All of lore.kernel.org
 help / color / mirror / Atom feed
From: Mike Rapoport <rppt@kernel.org>
To: "David Hildenbrand (Arm)" <david@kernel.org>
Cc: Yuan Liu <yuan1.liu@intel.com>,
	Oscar Salvador <osalvador@suse.de>,
	Wei Yang <richard.weiyang@gmail.com>,
	linux-mm@kvack.org, Yong Hu <yong.hu@intel.com>,
	Nanhai Zou <nanhai.zou@intel.com>,
	Tim Chen <tim.c.chen@linux.intel.com>,
	Qiuxu Zhuo <qiuxu.zhuo@intel.com>,
	Yu C Chen <yu.c.chen@intel.com>, Pan Deng <pan.deng@intel.com>,
	Tianyou Li <tianyou.li@intel.com>,
	Chen Zhang <zhangchen.kidd@jd.com>,
	linux-kernel@vger.kernel.org
Subject: Re: [PATCH v3] mm/memory hotplug/unplug: Optimize zone contiguous check when changing pfn range
Date: Thu, 9 Apr 2026 17:40:05 +0300	[thread overview]
Message-ID: <ade6RVeXxDt7ImP4@kernel.org> (raw)
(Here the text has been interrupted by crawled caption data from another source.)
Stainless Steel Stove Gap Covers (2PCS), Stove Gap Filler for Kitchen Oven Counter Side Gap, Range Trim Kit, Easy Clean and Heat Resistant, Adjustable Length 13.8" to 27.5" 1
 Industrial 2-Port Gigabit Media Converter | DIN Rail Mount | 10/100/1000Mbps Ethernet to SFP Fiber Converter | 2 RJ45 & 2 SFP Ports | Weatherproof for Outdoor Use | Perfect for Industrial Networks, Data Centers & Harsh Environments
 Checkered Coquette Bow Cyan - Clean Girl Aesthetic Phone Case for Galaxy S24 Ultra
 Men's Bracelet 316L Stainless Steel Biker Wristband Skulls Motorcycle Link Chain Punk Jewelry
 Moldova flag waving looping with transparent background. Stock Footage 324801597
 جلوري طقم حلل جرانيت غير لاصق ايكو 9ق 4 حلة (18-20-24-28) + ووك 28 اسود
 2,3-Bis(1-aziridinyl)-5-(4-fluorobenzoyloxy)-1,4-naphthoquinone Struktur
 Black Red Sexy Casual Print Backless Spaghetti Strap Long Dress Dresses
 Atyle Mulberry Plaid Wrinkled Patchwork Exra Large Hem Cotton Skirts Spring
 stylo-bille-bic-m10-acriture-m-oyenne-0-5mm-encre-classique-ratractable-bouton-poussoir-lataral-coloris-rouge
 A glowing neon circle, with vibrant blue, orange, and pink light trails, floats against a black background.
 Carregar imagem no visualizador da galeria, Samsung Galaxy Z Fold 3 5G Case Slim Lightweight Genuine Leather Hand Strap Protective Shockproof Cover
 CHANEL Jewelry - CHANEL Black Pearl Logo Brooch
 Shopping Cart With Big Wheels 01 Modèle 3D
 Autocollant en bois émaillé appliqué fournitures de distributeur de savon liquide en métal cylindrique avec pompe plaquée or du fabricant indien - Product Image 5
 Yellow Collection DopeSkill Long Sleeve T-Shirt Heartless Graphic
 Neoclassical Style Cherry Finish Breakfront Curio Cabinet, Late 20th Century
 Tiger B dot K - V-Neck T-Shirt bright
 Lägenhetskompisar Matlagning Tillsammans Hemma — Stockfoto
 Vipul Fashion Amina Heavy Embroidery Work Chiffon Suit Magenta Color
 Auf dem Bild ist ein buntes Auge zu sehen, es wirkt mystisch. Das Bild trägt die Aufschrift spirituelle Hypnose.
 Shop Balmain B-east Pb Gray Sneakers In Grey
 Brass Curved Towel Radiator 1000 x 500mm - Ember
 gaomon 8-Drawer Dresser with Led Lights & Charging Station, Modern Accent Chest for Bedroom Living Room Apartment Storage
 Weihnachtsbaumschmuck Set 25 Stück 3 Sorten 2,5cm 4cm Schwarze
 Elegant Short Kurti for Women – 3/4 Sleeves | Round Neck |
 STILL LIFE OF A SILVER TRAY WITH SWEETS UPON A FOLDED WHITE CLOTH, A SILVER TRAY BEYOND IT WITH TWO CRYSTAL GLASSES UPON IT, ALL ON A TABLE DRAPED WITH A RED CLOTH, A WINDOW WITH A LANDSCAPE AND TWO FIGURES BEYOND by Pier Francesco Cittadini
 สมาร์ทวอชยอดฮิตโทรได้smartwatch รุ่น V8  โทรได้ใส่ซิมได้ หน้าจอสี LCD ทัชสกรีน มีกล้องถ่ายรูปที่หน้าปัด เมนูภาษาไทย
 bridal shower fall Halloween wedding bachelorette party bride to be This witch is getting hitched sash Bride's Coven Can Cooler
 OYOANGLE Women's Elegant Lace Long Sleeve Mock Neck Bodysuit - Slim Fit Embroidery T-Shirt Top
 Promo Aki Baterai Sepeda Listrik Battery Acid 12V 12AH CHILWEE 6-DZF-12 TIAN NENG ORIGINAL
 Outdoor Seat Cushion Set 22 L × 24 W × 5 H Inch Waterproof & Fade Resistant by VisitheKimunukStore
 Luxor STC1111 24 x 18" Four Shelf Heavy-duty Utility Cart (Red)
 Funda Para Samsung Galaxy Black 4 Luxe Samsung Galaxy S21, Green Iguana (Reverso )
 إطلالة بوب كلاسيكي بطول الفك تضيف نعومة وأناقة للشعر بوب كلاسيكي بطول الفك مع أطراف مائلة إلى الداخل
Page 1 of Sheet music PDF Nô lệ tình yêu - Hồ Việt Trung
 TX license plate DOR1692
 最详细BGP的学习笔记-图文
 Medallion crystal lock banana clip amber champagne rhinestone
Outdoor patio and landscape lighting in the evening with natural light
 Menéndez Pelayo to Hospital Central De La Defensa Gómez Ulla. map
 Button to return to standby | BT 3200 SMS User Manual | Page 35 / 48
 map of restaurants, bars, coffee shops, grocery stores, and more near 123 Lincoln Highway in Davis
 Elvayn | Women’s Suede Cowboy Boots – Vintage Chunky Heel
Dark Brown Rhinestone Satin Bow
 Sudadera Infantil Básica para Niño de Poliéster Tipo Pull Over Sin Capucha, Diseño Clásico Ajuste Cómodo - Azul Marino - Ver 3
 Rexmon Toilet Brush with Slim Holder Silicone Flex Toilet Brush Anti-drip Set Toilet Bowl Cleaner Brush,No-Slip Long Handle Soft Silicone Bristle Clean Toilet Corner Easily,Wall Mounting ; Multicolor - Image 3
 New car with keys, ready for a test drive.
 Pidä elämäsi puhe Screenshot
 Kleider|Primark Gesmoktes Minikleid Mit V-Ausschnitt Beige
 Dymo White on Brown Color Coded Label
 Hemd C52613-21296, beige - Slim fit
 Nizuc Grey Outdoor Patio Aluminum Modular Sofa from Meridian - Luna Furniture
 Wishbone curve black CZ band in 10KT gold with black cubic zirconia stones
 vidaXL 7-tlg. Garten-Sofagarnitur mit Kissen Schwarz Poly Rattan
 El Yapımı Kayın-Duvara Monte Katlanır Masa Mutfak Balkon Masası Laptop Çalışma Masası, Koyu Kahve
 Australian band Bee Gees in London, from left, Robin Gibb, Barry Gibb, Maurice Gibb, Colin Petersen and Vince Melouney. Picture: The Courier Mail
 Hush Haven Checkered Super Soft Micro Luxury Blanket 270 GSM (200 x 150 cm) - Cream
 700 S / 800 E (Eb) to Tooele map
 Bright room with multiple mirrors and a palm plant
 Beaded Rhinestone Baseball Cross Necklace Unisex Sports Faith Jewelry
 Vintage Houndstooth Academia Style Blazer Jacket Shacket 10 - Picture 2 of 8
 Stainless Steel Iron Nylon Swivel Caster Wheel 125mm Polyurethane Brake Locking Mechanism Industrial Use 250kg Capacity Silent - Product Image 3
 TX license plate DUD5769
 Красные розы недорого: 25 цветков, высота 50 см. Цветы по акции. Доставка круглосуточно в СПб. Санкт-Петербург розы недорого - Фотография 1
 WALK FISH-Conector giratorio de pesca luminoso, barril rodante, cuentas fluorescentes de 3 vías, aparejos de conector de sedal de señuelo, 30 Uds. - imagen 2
In-Reply-To: <17b821b6-0176-43d5-92f7-fe2a0c4f70cf@kernel.org>

On Wed, Apr 08, 2026 at 09:36:14AM +0200, David Hildenbrand (Arm) wrote:
> On 4/8/26 05:16, Yuan Liu wrote:
> > When move_pfn_range_to_zone() or remove_pfn_range_from_zone() updates a
> > zone, set_zone_contiguous() rescans the entire zone pageblock-by-pageblock
> > to rebuild zone->contiguous. For large zones this is a significant cost
> > during memory hotplug and hot-unplug.
> > 
> > Add a new zone member pages_with_online_memmap that tracks the number of
> > pages within the zone span that have an online memory map (including present
> > pages and memory holes whose memory map has been initialized). When
> > spanned_pages == pages_with_online_memmap the zone is contiguous and
> > pfn_to_page() can be called on any PFN in the zone span without further
> > pfn_valid() checks.
> > 
> > Only pages that fall within the current zone span are accounted towards
> > pages_with_online_memmap. A "too small" value is safe, it merely prevents
> > detecting a contiguous zone.
> > 
> > The following test cases of memory hotplug for a VM [1], tested in the
> > environment [2], show that this optimization can significantly reduce the
> > memory hotplug time [3].
> > 
> > +----------------+------+---------------+--------------+----------------+
> > |                | Size | Time (before) | Time (after) | Time Reduction |
> > |                +------+---------------+--------------+----------------+
> > | Plug Memory    | 256G |      10s      |      3s      |       70%      |
> > |                +------+---------------+--------------+----------------+
> > |                | 512G |      36s      |      7s      |       81%      |
> > +----------------+------+---------------+--------------+----------------+
> > 
> > +----------------+------+---------------+--------------+----------------+
> > |                | Size | Time (before) | Time (after) | Time Reduction |
> > |                +------+---------------+--------------+----------------+
> > | Unplug Memory  | 256G |      11s      |      4s      |       64%      |
> > |                +------+---------------+--------------+----------------+
> > |                | 512G |      36s      |      9s      |       75%      |
> > +----------------+------+---------------+--------------+----------------+
> > 
> > [1] Qemu commands to hotplug 256G/512G memory for a VM:
> >     object_add memory-backend-ram,id=hotmem0,size=256G/512G,share=on
> >     device_add virtio-mem-pci,id=vmem1,memdev=hotmem0,bus=port1
> >     qom-set vmem1 requested-size 256G/512G (Plug Memory)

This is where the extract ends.